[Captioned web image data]

────

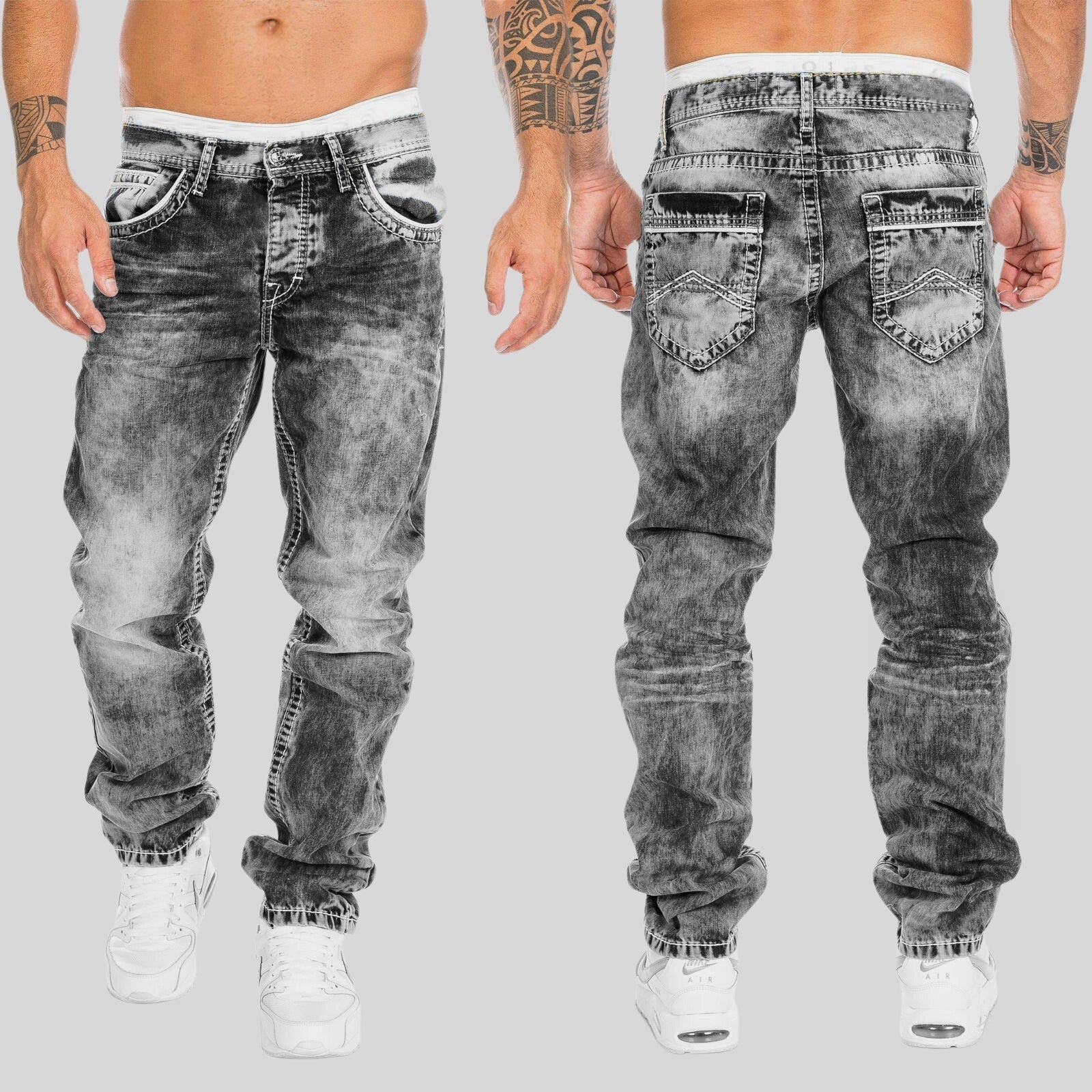 Felix Grant slim tailored light wash denim jeans relaxed urban fit for city style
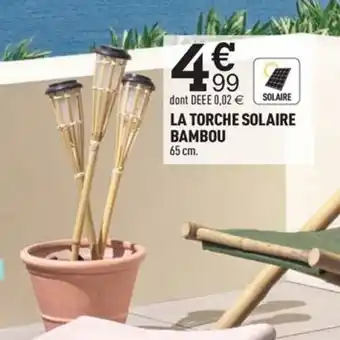 Centrakor LA TORCHE SOLAIRE BAMBOU 65 cm. offre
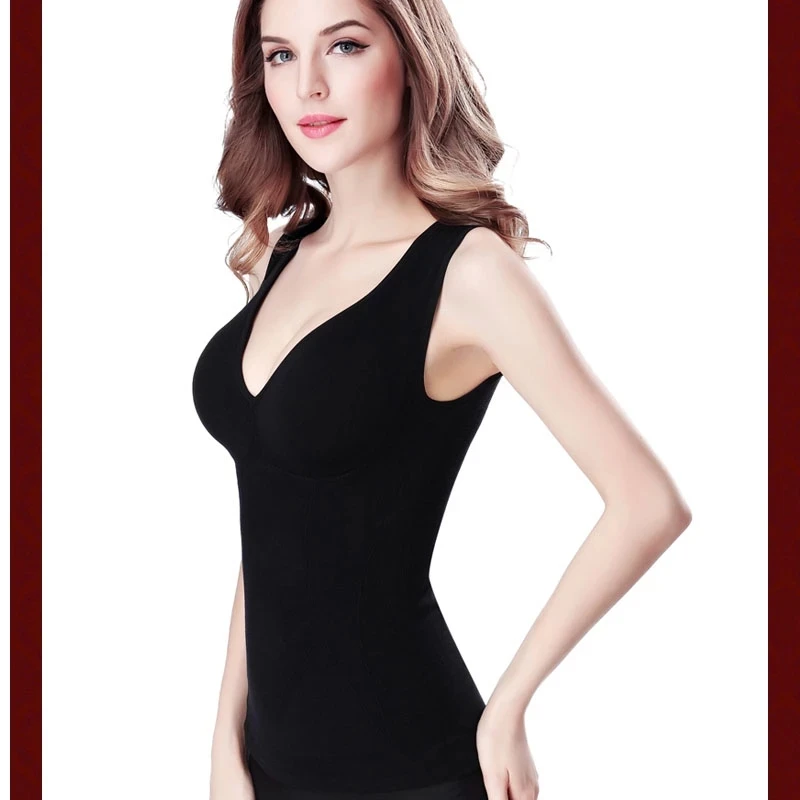 Женское теплое нижнее белье на осень и зиму облегающее пикантное с v-образным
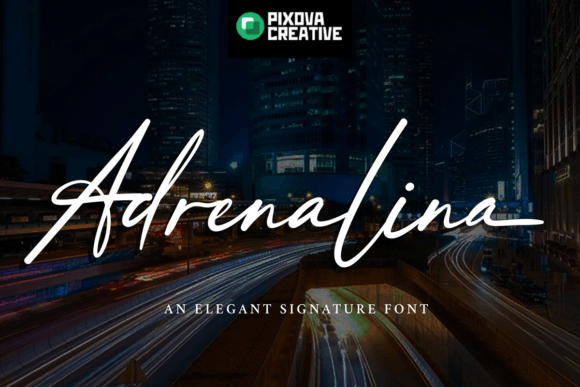 Adrenalina Font: A Signature Typeface for Bold Branding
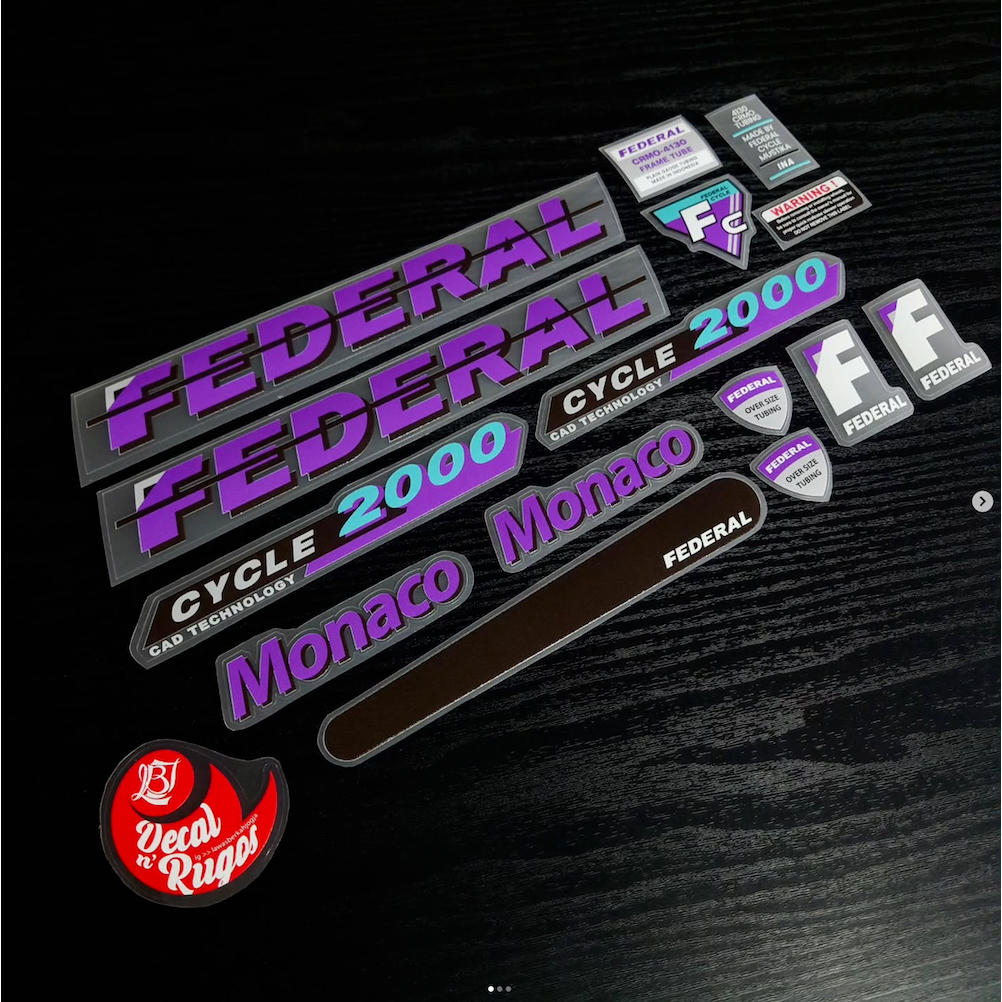 Decal Stiker Federal Monaco Lady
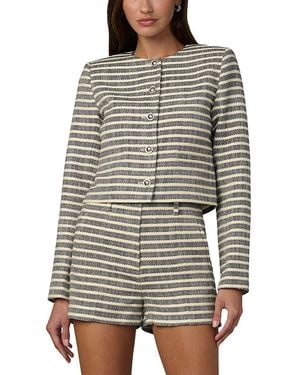 Joe's Jeans The Talia Cropped Jacket - Gray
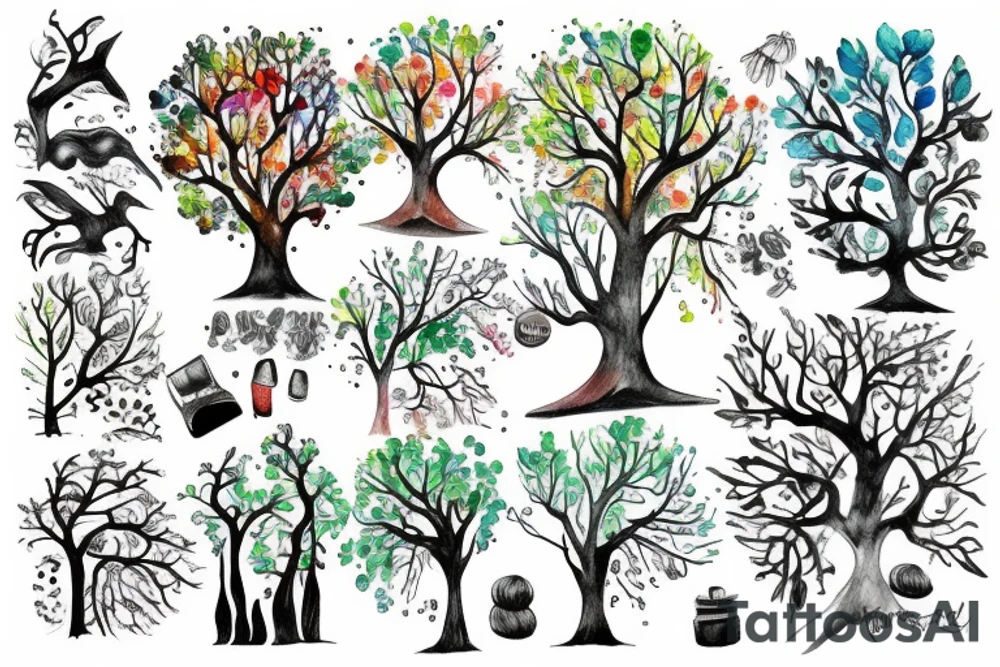 Big full tree tattoo idea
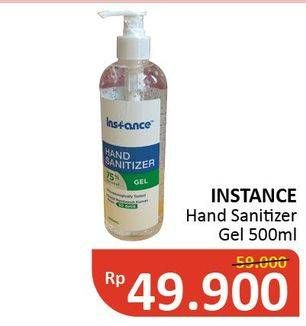 Promo Harga INSTANCE Hand Sanitizer Liquid Spray Gel 500 ml - Alfamidi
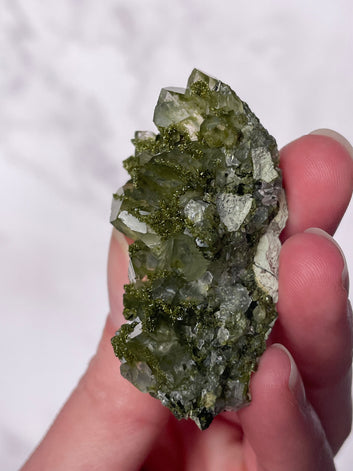 Green Forest Epidote Quartz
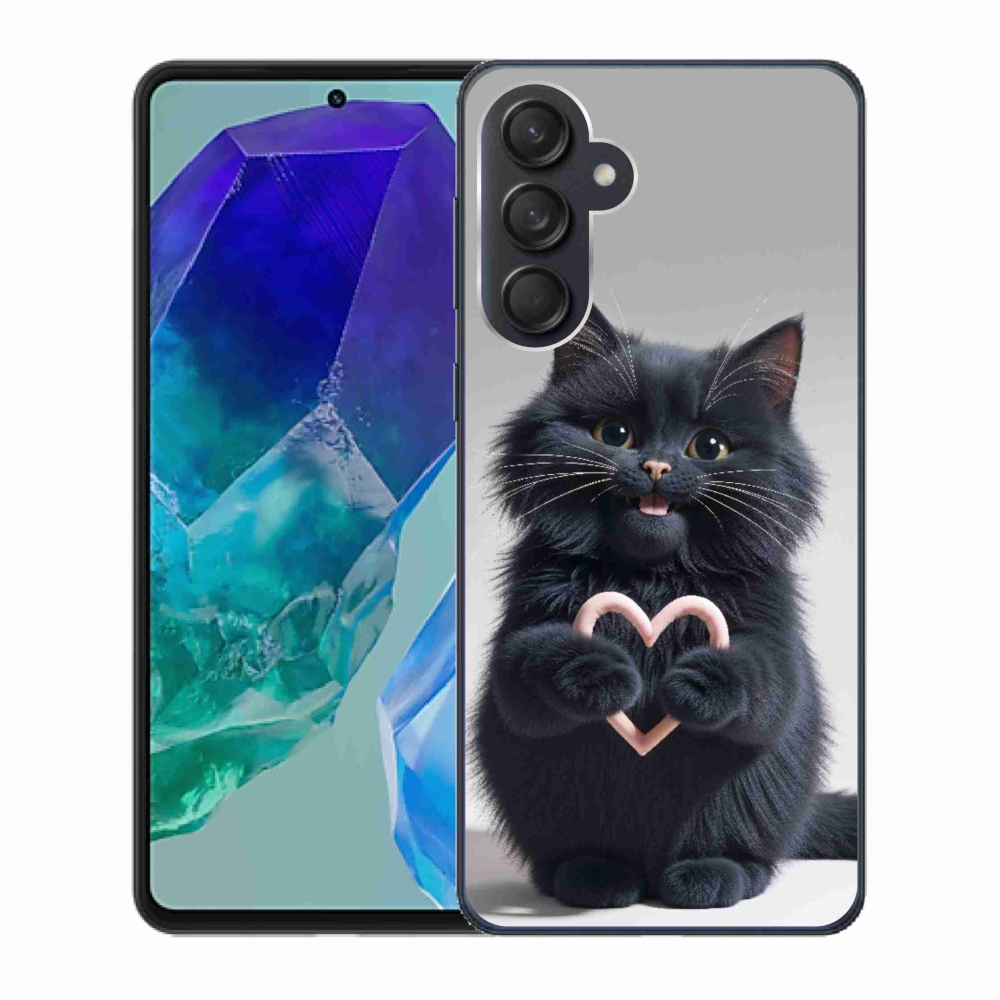 Gelový kryt mmCase na Samsung Galaxy M55 5G - kočičí láska 3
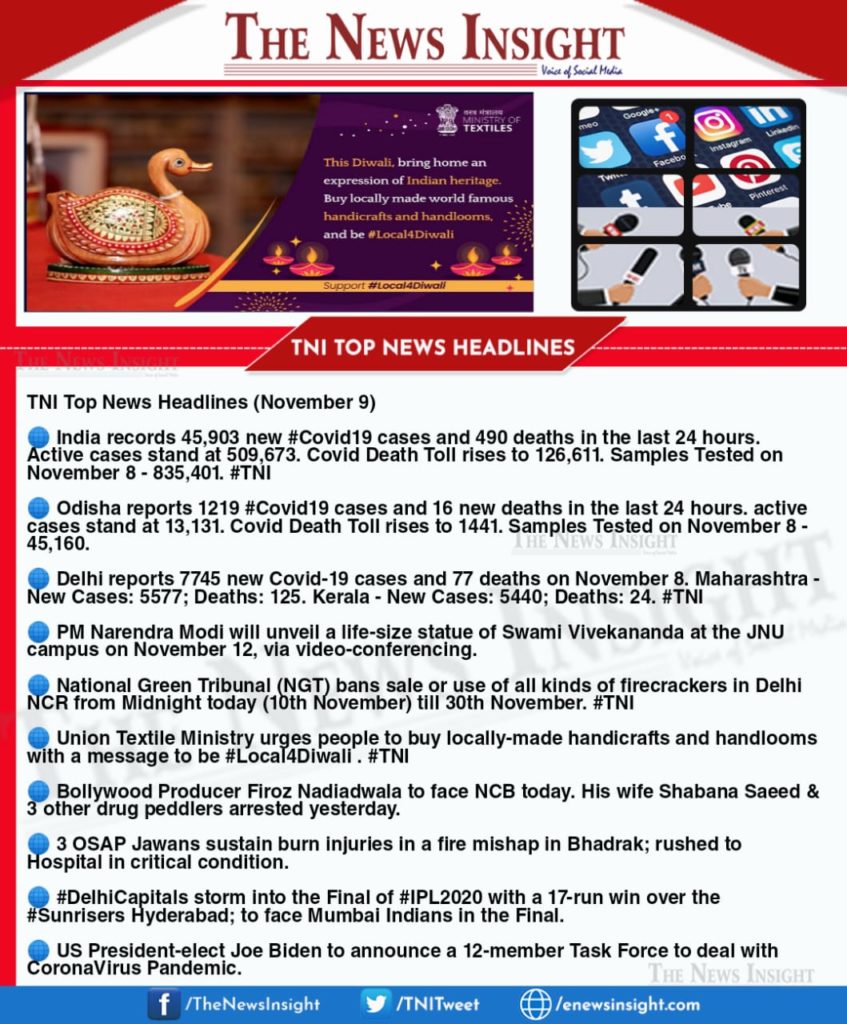 TNI Morning News Headlines – November 9, 2020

────

Task to complete
With the pictures stripped out, return each record word for word.

Task answer
 Felix Grant slim tailored light wash denim jeans relaxed urban fit for city style
 Centrakor LA TORCHE SOLAIRE BAMBOU 65 cm. offre
 Женское теплое нижнее белье на осень и зиму облегающее пикантное с v-образным
 Adrenalina Font: A Signature Typeface for Bold Branding
 Decal Stiker Federal Monaco Lady
 Joe's Jeans The Talia Cropped Jacket - Gray
 Big full tree tattoo idea
 Promo Harga INSTANCE Hand Sanitizer Liquid Spray Gel 500 ml - Alfamidi
 Green Forest Epidote Quartz
 Gelový kryt mmCase na Samsung Galaxy M55 5G - kočičí láska 3
 TNI Morning News Headlines – November 9, 2020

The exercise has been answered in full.